O estilo empreendedor, nas universidades, muitas vezes causa suspeição e ciúmes na vasta maioria passiva dos académicos e, muitas vezes, é considerado até como se se tratasse de uma tentativa de quebrar com as tradições morais e académicas. Alguns académicos ainda vivem com a convicção de que os “bons e velhos tempos” hão-de voltar e que os governos irão

alterar o seu comportamento, passando a financiar o ES na totalidade. Com esta perceção, porque é que temos de mudar ? (OCDE, 2002, p.124).

Outros críticos do modelo da universidade empreendedora têm afirmado que o papel mais importante das universidades é a criação de pessoas qualificadas.
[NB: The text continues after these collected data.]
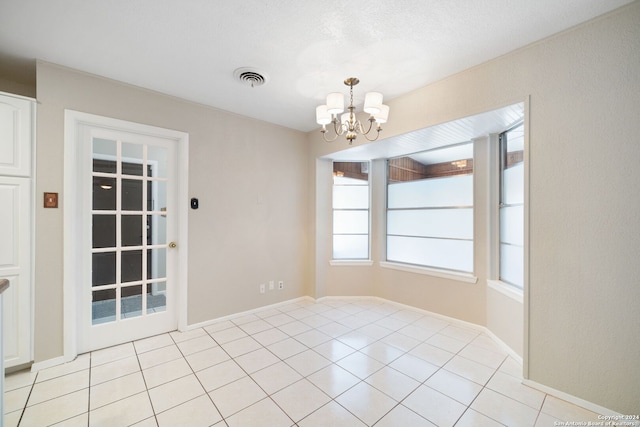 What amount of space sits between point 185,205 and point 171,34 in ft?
5.75

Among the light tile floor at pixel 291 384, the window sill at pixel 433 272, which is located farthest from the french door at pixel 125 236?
the window sill at pixel 433 272

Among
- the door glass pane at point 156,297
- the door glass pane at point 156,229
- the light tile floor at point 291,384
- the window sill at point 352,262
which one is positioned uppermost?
the door glass pane at point 156,229

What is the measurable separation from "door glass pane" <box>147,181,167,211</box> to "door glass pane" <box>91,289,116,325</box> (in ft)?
3.16

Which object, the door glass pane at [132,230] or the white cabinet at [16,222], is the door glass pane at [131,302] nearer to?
the door glass pane at [132,230]

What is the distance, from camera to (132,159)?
291cm

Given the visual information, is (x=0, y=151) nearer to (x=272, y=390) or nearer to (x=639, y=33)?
(x=272, y=390)

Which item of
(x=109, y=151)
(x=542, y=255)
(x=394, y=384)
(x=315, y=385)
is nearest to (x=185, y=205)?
(x=109, y=151)

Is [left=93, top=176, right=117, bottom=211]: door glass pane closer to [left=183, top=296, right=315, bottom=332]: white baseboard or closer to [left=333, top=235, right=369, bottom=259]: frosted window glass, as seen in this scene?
[left=183, top=296, right=315, bottom=332]: white baseboard

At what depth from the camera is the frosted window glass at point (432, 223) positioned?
3395mm

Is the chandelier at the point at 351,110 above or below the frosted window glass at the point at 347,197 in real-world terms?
above

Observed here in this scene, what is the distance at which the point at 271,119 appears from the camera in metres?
3.78

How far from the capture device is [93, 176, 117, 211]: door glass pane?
107 inches

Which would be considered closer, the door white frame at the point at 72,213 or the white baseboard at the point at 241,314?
the door white frame at the point at 72,213

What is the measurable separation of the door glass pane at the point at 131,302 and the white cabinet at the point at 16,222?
0.67 m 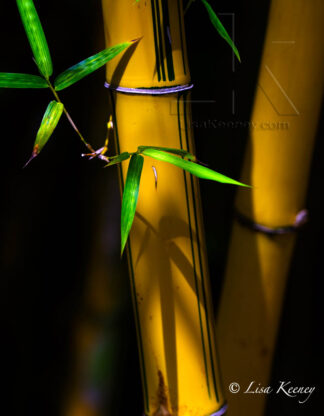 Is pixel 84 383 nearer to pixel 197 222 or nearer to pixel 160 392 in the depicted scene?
pixel 160 392

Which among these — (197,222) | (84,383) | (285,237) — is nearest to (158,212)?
(197,222)

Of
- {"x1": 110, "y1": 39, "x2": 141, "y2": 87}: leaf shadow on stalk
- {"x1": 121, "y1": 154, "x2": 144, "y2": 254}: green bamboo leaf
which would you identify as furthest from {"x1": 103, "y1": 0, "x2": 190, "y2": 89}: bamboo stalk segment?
{"x1": 121, "y1": 154, "x2": 144, "y2": 254}: green bamboo leaf

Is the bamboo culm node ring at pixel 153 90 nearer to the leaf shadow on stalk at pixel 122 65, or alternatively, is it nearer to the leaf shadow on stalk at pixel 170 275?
the leaf shadow on stalk at pixel 122 65

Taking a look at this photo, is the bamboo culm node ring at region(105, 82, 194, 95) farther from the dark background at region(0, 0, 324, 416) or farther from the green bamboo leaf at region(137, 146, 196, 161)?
the dark background at region(0, 0, 324, 416)

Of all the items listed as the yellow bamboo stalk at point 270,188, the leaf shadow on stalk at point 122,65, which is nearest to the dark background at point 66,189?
the yellow bamboo stalk at point 270,188

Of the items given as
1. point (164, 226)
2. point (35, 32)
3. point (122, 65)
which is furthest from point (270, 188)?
point (35, 32)

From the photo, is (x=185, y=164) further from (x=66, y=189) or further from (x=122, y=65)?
(x=66, y=189)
As empresas que se envolvem com as universidades procuram, na maioria das vezes, oportunidades de recrutamento. As trocas entre a universidade (ciência) e a indústria são complexas, envolvendo muitas interações e empresas muito diferentes. Não há dúvida que existe uma necessidade de maior abertura entre os dois “mundos”, tal como tem vindo a ser proposto pelos defensores da universidade empreendedora (Garnsey, 2006).